1. Everyday Market Multi-shipment and Shipment Fulfilment
(Q3 - Q4 2021)
2. Woolworths Grocery and Everyday Market Mixed Order Confirmation
(Q4 2021 - Q1 2022)
3. Woolworths Grocery and Everyday Market Order Tracking
(Q1 - Q2 2022)

Currently, there is a disconnect between Woolworths Grocery and Everyday Market items, with customers having no education about the two Woolworths operations. The customers see them as one brand and delivery, with a lack of transparency as to why mixed orders arrive at different times. Woolworth's items are groceries and are available for pickup/direct-to-boot or direct delivery by the Woolworths Group. Everyday Market items are partner business dependent and are shipped directly from the partner business by couriers.  They are not available for pickup or delivery by Woolworth's drivers. 

Problem Statement

  • Focusing on mixed basket delivery and pick-up for customers shopping within both Woolworths groceries and Everyday Market items, not knowing the difference between Woolworths groceries and Everyday Market.

  • Woolworth's items when delivered come from only three fulfilment centres nationwide; Sydney, Melbourne and Brisbane.  However, it is always estimated, depending on location to reach the customer within two days. 

  • Everyday Market items are estimated to reach the customer within ten business days.  This lack of delivery transparency as well as the lack of education around Multi-shipment Orders is a challenge for the business and sees customers drop off during checkout.

  • Are mixed basket pick-up customers removing Everyday Market items from their baskets and continuing their grocery purchases or are they dropping out of their session altogether?

  • We don't capture the selected fulfilment prior to checkout. This means in reality the difference is definitely even starker, but we can see the big drop-offs after adding to the cart and in checkout.

  • We believe we’re seeing a higher drop-off rate in the pickup journey because these customers want to save on delivery costs and hence why they will go to their nearest store instead of picking up their groceries. So when they find out there's a shipping cost for Everyday Market items, we’re assuming they remove the items for that reason.


Customer Verbatim’s

“Didn't realize I was ordering from a different company and then I got another shipping fee. If I decide to order from Woolworths I expect it to come from Woolworths.”

“If I'm honest I was anticipating the delivery coming within a day or two or even with shopping and it didn't. So I had to go out and buy it elsewhere, as I needed it.“

"I have no idea why they were not delivered with the rest of the order. I have had them delivered several times with my online orders"

“I was disappointed with my whole online order.....I didn't know it would be coming from Big W as we shopped from Woolworths and if I had known this I would have chosen a different dog food brand to be delivered with the order”

“Product was available in store but instead of just putting the product in my order it was shipped by the market partner and took more than a week to arrive.”


The Business Problem

  • Are mixed basket pick-up customers removing Everyday Market items from their basket and continuing their grocery purchase or are they dropping out of their session altogether?

  • Are mixed basket pickup customers switching devices from the web to the app and completing the flow in the app where we don’t support mixed pickup baskets?

  • Time on task - at what point in the journey are users spending the most time on?

  • Are customers adding to their basket and then coming back another day to complete the flow?

  • A Woolworths customer who has made a single-seller, multi-item purchase from Everyday Market (eg. 3x items from Big W).
    Unbeknownst to them, their order is being fulfilled from several different locations and at different times.

  • Customers trying to understand the status of the items in their order and when they will arrive.
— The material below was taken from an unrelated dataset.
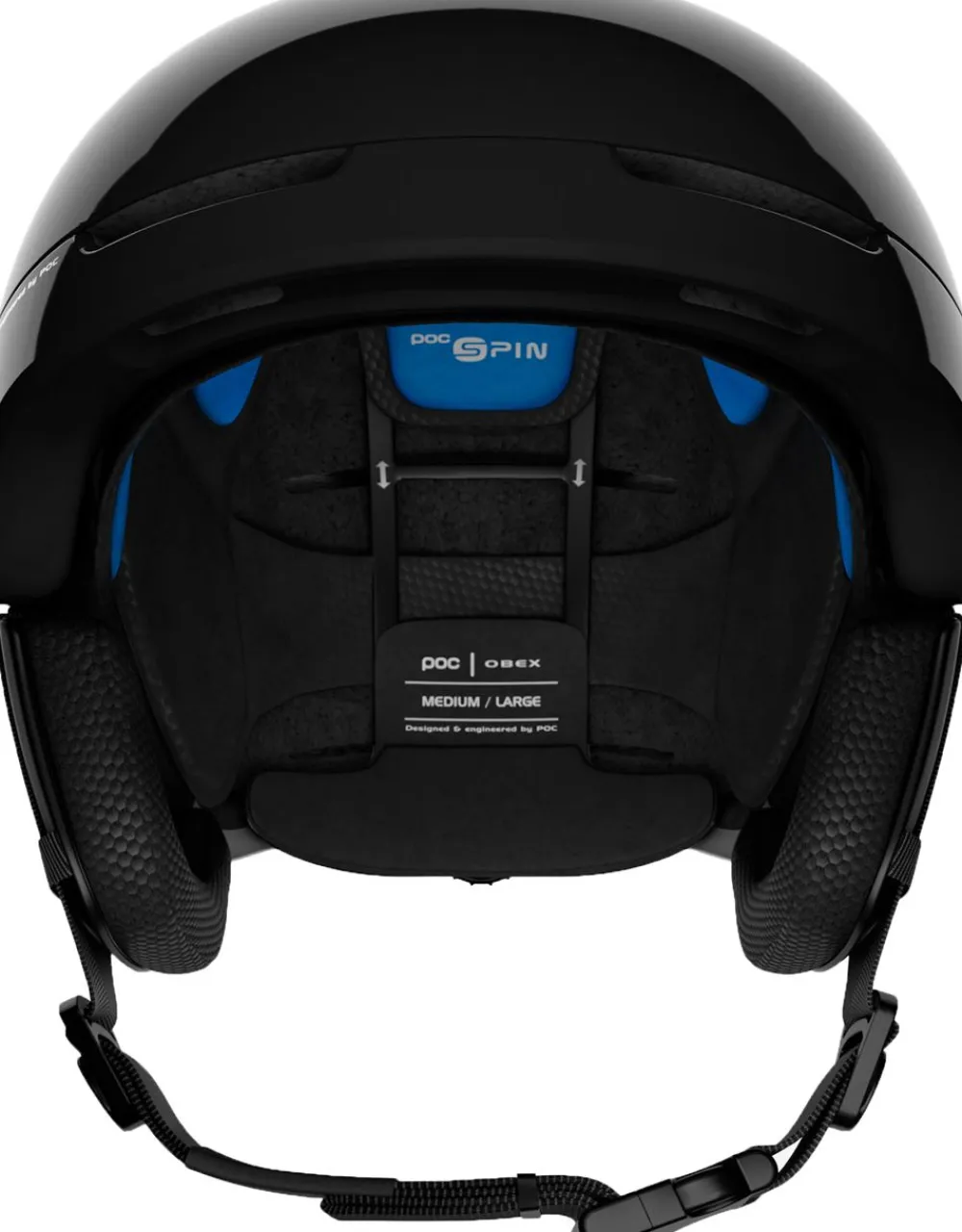 Alpint | POC Obex BC SPIN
However, they can only see a single order status within the experience and only receive a single set of notifications. Because Everyday Market doesn’t have the experience in place to support split fulfilment today.

  • Customers are clicking on the ‘Where’s my Order?’ call-to-actions which calls CHUB at the cost to the business. As well as a need to increase the VOC (Voice of the customer) Delivery Satisfaction.


  • Online NON-App:
    Let's reduce these numbers!

  • Order to the Checkout Process:
    Drop-off rate - 60%
    (Pickup and Delivery combined)

  • The Checkout Process:
    Drop-off rate - 77%

    (Pickup and Delivery combined)

  • Delivery Method:
    Cart to Checkout Delivery only- 61% 

  • Delivery Method:
    Cart to Checkout Pick Up only- 39%


User Goals

  • We believe that keeping the user in focus will achieve a frictionless experience and we will know we are successful when the user has completed their journey with an immersive satisfaction and understanding of what they have completed and what they expect will happen next to be true. Creating a simple fulfilment experience will allow customers to worry less about when and how their shopping will arrive.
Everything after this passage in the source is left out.